I'm new to the world of compilers, and I recently heard about something called a parser generator. From what I (think) I've understood, parser generators take in a syntax file and output a source code file that can parse files with the given syntax.

A few questions:

  1. Did I understand that correctly?

  2. If so, is Ragel such a tool?

  3. If it is, can Ragel output a D parser into D source code?

Thank you!


Solution

    1. That's basically it. Parser generators transform a grammar into a source file that can be used to recognize strings that are members of the language defined by the grammar. Often, but not always, a parser generator requires a lexical analyzer to break text down into tokens before it does its work. Lex and Yacc are classic examples of a paired lexical analyzer and parser generator.
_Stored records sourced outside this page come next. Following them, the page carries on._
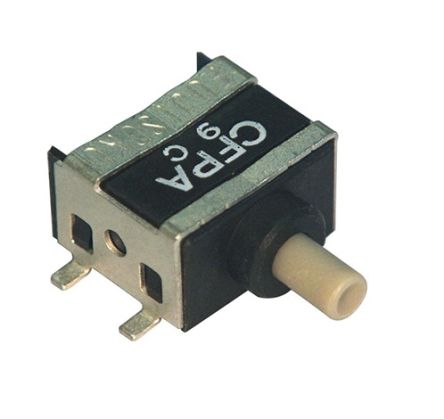 Nidec Components CFPA Series Push Button Switch, On-(On), PCB, SPDT, 28V [CFPA-1FB4-A2T]; 244-3365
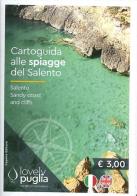 Cartoguida alle spiagge del Salento-Salento Sandy coast and cliffs. Lovely Puglia. The feel of discovering di Enrico Capone, Federico Capone edito da Capone Editore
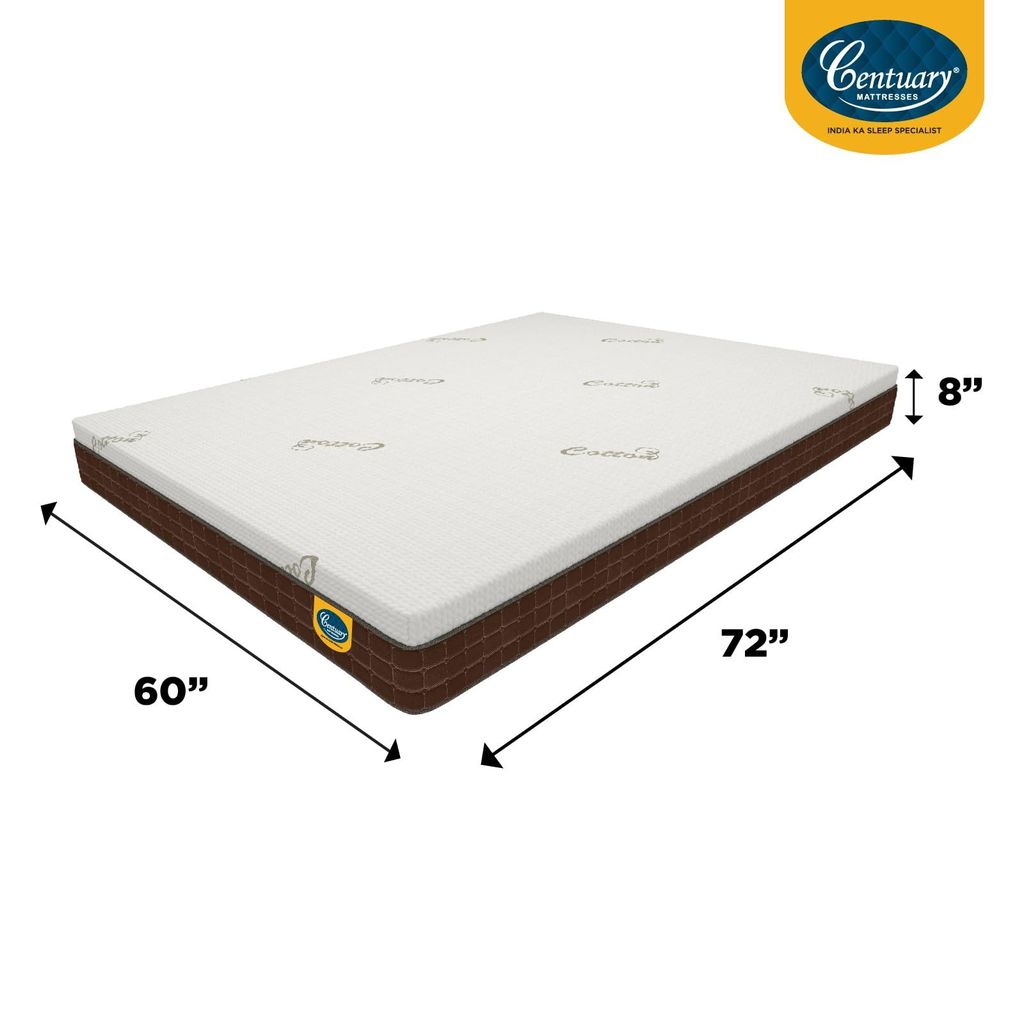 Centuary Mattresses Natura Latex 8 Inch Medium Firm with Copper Gel Foam & Rubberised Coir Mattress view 2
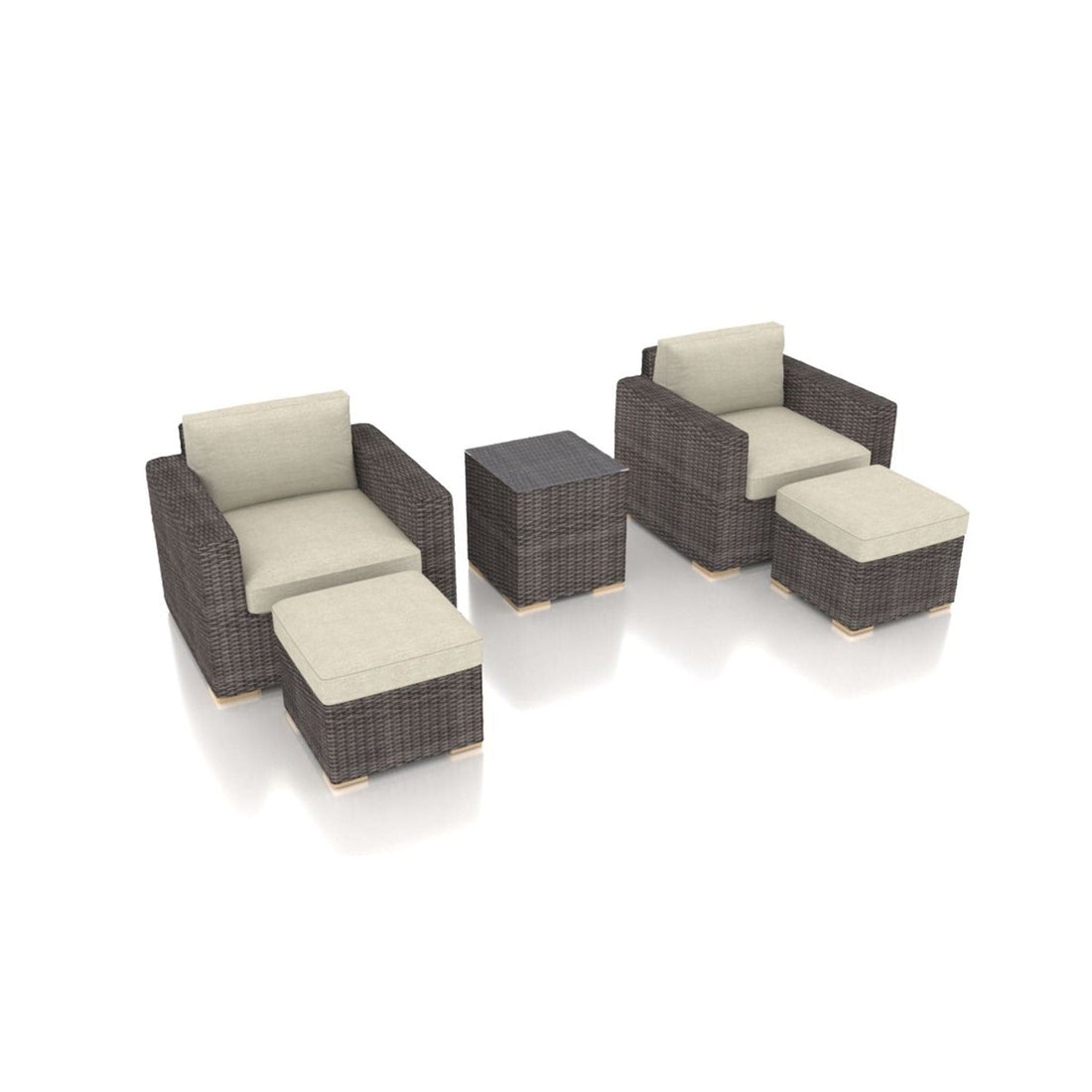 Dune 5 Piece Club Chair Set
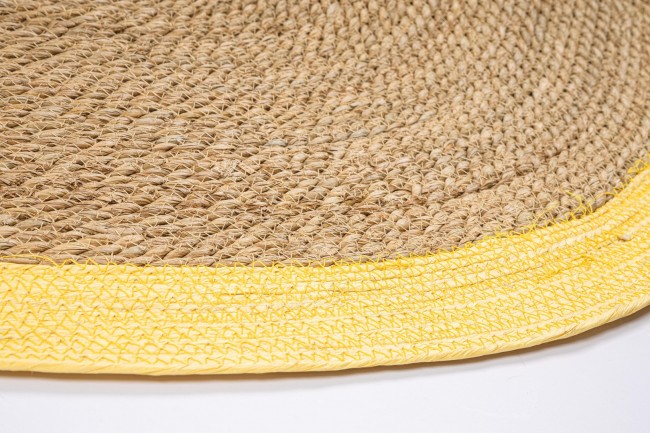 2x Tappeto naturale giallo D.120 cm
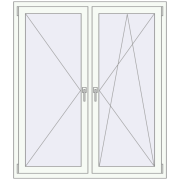 REHAU Euro 70 1300x1500 мм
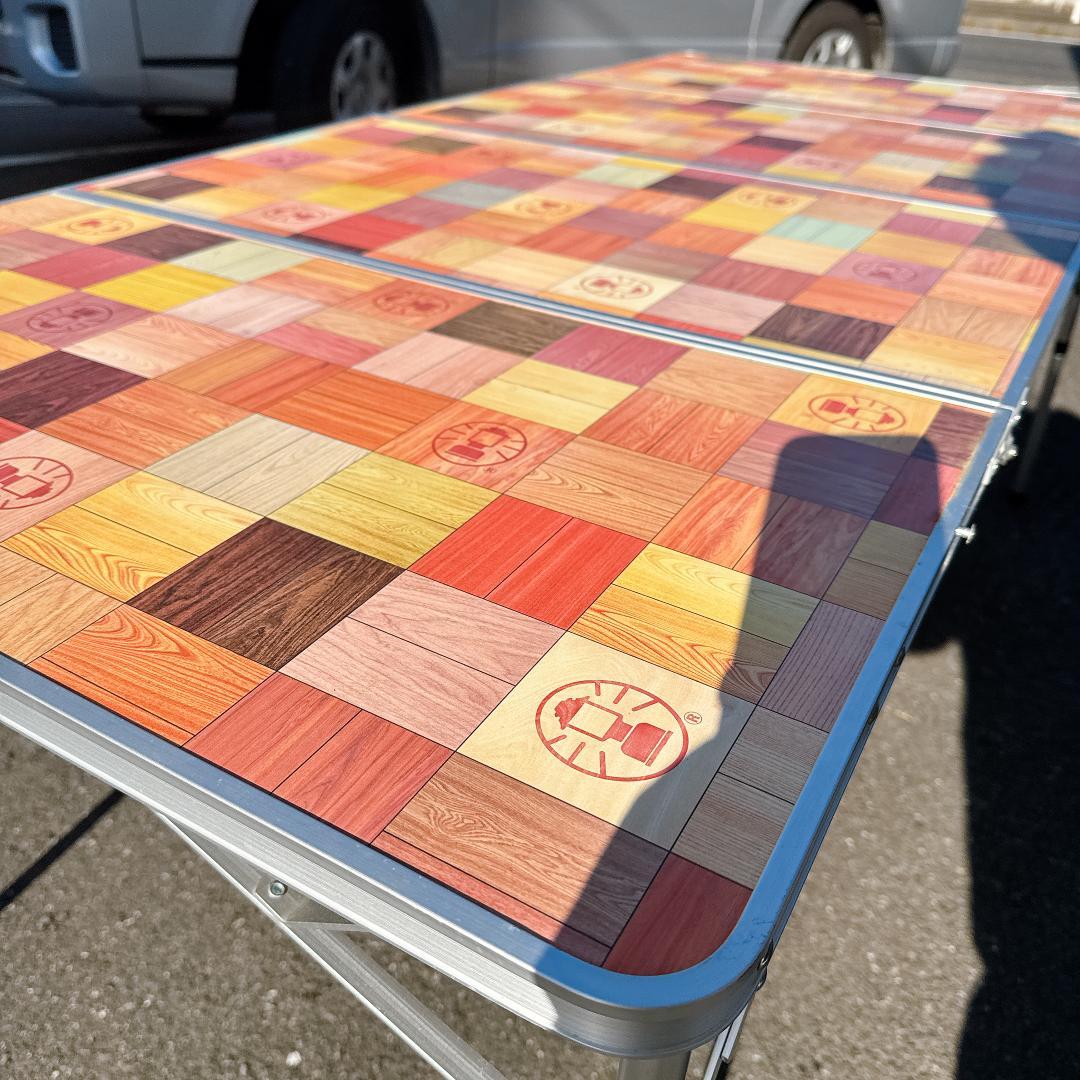 【美品】Coleman コールマン ナチュラルモザイク リビングテーブル180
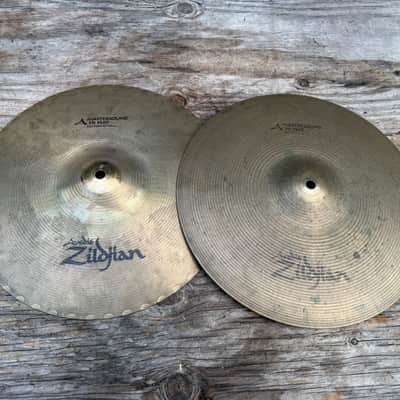 Zildjian A MASTERSOUND 14" Hihats Cymbals hi hat image 1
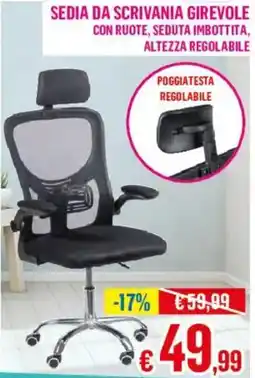 Satur Sedia da scrivania girevole offerta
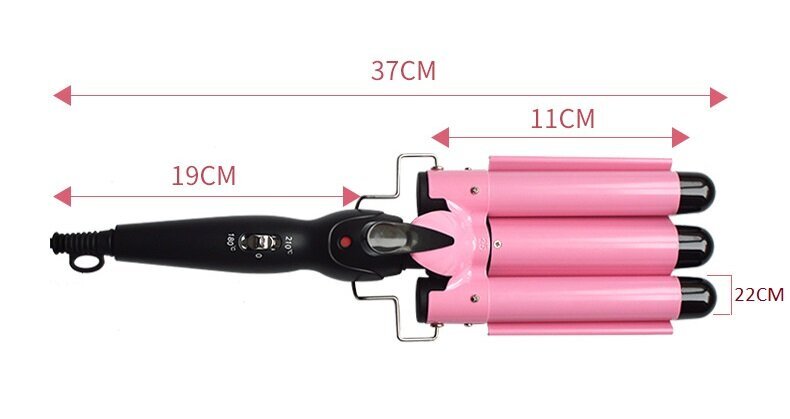 Kolmekordne lokirull LIVMAN M-11, 25mm hind ja info | Juuksesirgendajad ja koolutajad | kaup24.ee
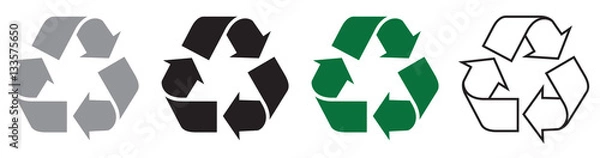 Obraz RECYKLING LOGO WEKTORÓW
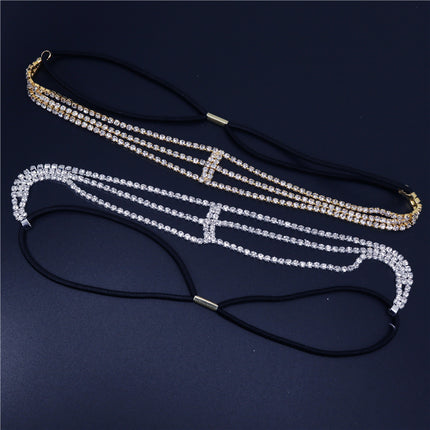 Nuwe Strass Hoofbedekking Eenvoudige Waterdruppel Voorkopketting Bruids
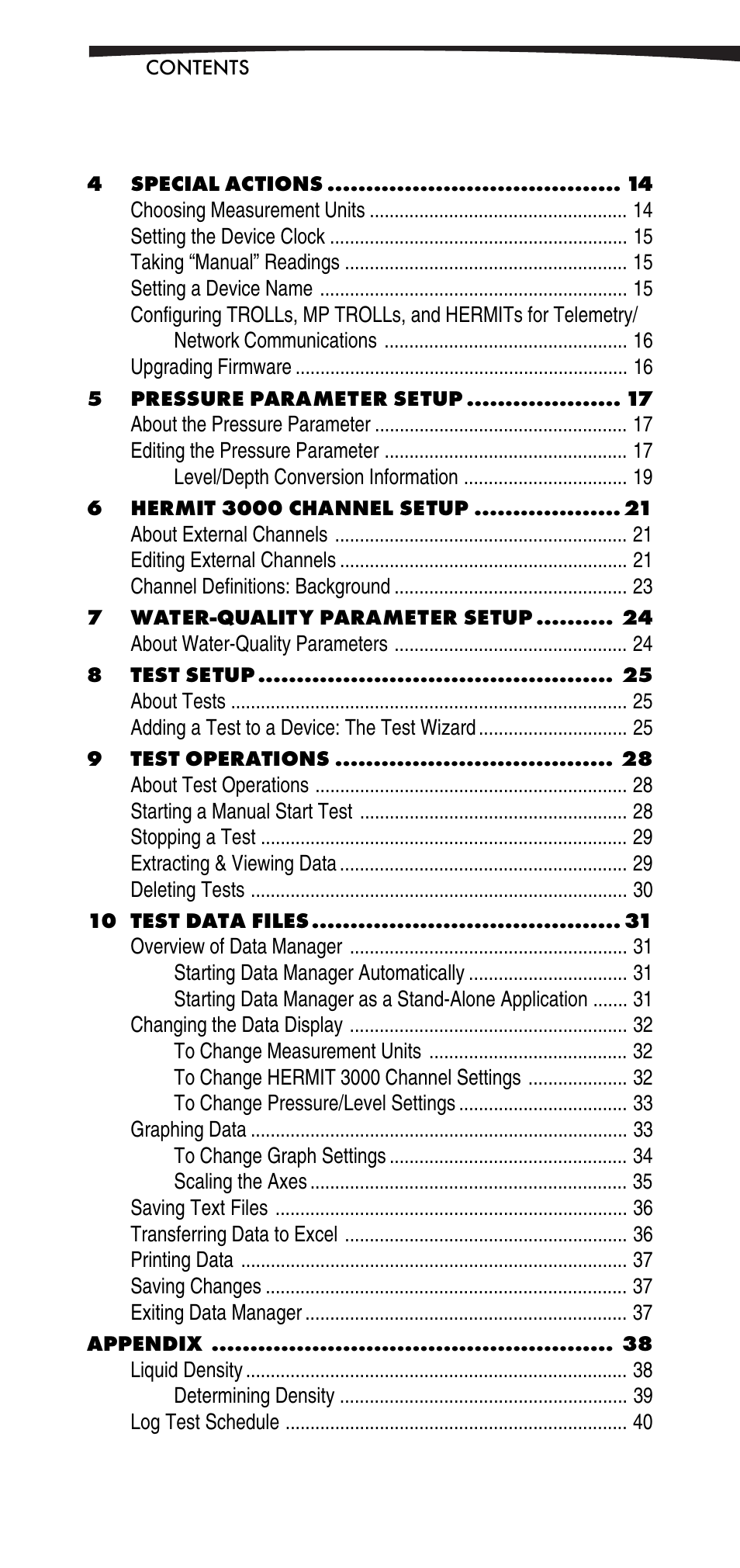 In-Situ Win-Situ 2000 Operators Manual User Manual | Page 4 / 46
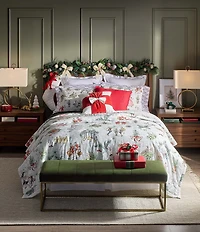Southern Living Twelve Days of Christmas Collection Holiday Print Comforter Mini Set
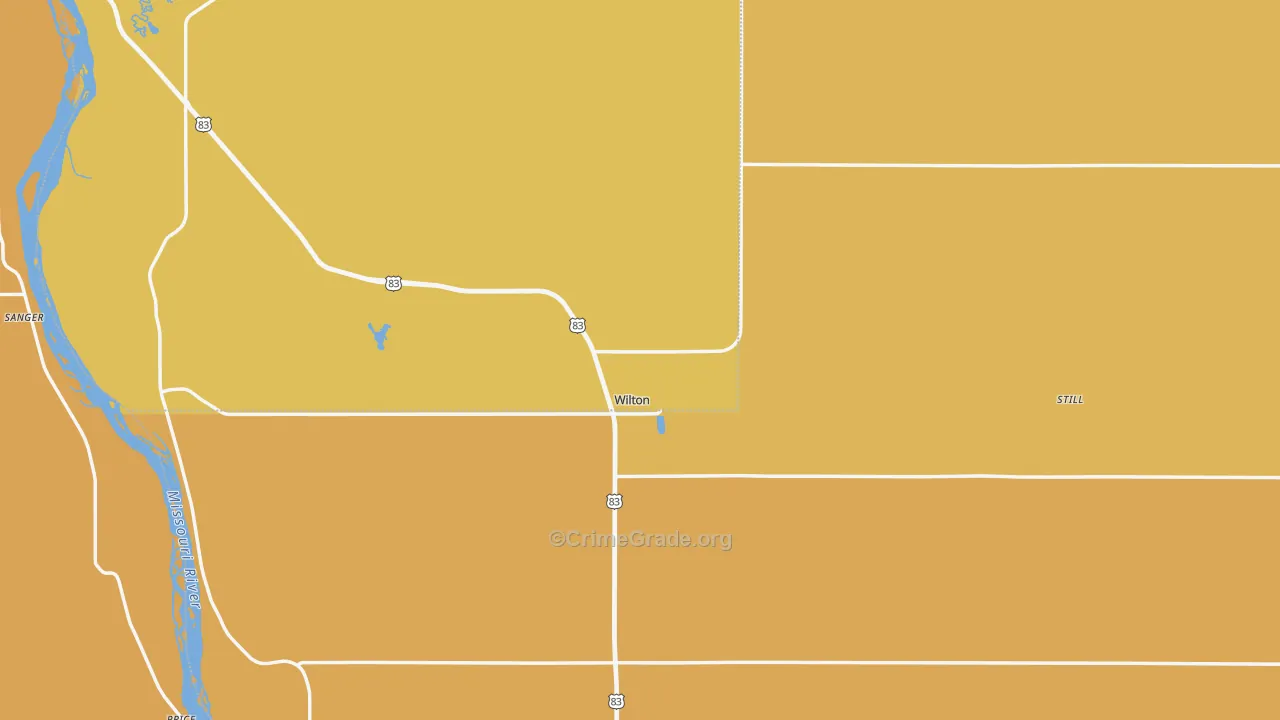 Wilton, ND Map of Murder Rates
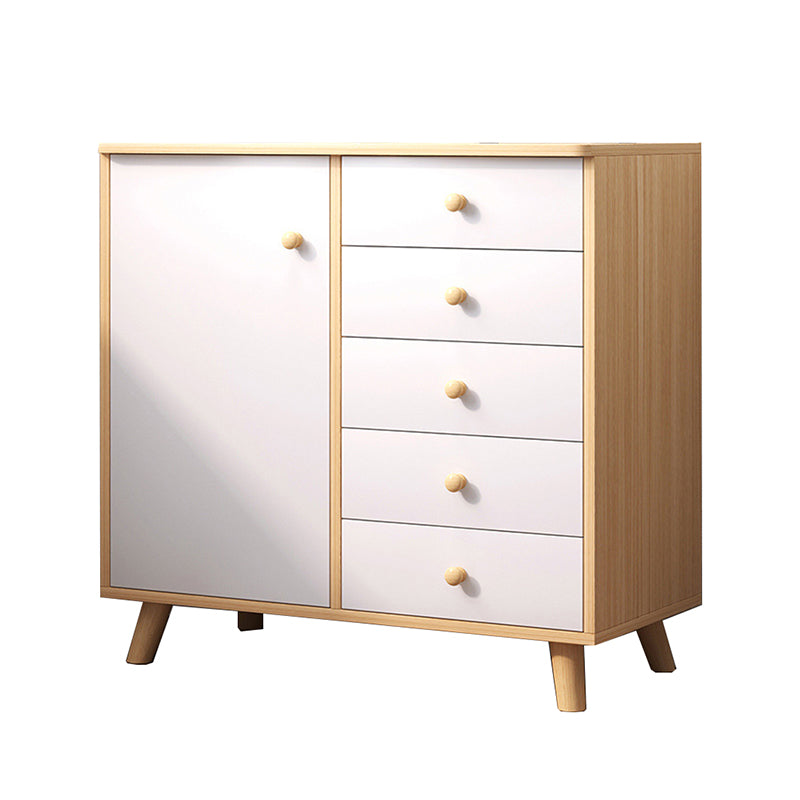 Modern Rectangle Accent Cabinet Wood Knobs Cabinet with Drawer Clearhalo 'Cabinets & Chests' 'cabinets_chests' 'furn' 'furn_cabinets_chests' 'Furniture' 'Living Room Furniture' 5954363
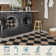 Vilena Herringbone Pattern Washable Area Rug - Chic Textured Design for Living Room, Bedroom, or Entryway Decor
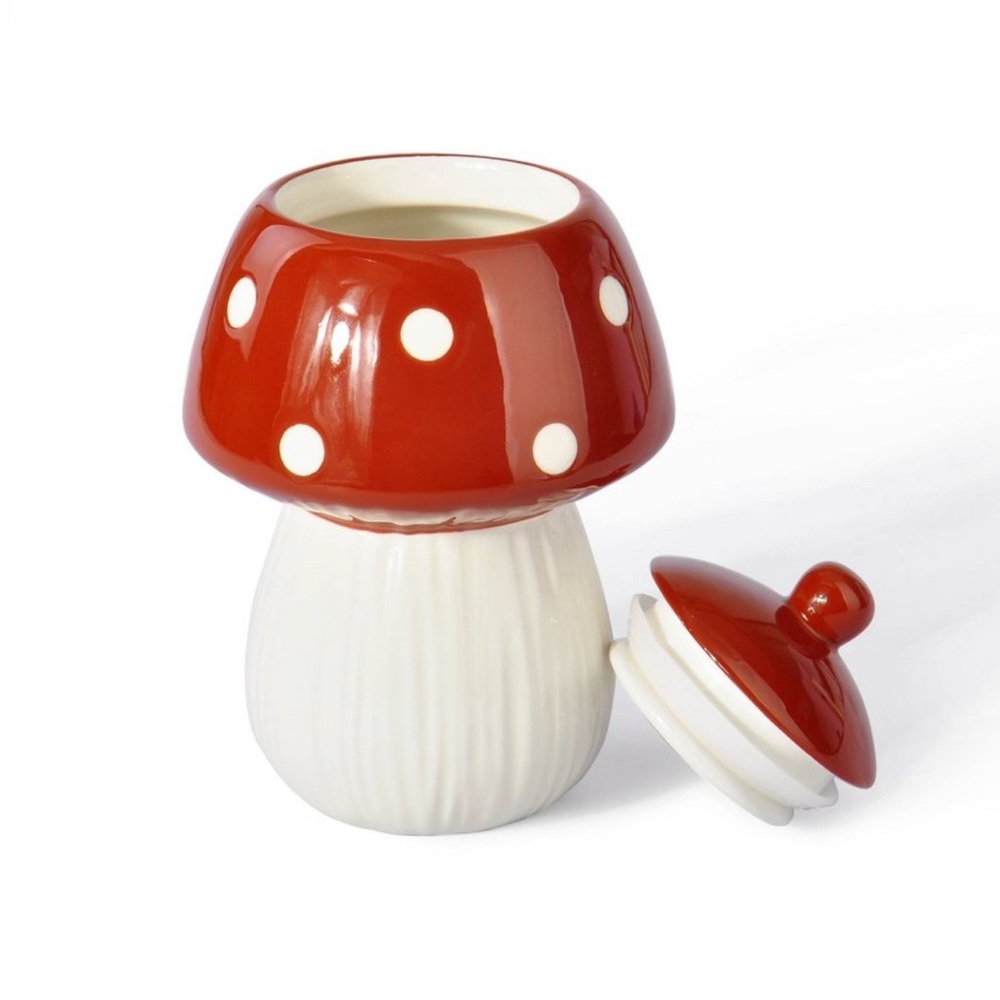Target 🎯 Ceramic Mushroom Canister Reddish Brown - Picture 3 of 4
      Modern parser generators offer additional features. For instance, ANTLR can generate code for lexical analysis, grammatical analysis, and even walk the generated abstract syntax tree. Elkhound generates a parser that uses the GLR parsing algorithm. This allows it to recognize a wider range of languages than non-generalized parsing algorithms. PEG Parsers don't require a separate lexical analyzer.

    2. Ragel actually generates a lexical analyzer in the form of a finite state machine. It can recognize a regular language but not a context-free language. This means it can't recognize most programming languages, including D.

    3. Ragel does generate D code if you need a fast lexical analyzer.

    To fully understand what a parser generator does for you, you'll need some formal language and parsing theory. There are worse places to start than the The Dragon Book. See also: Learning to write a compiler.

    If you're feeling brave, be sure to check out the lexing and parsing code distributed with the DMD compiler - /dmd2/src/dmd/ - lexer.c and parse.c.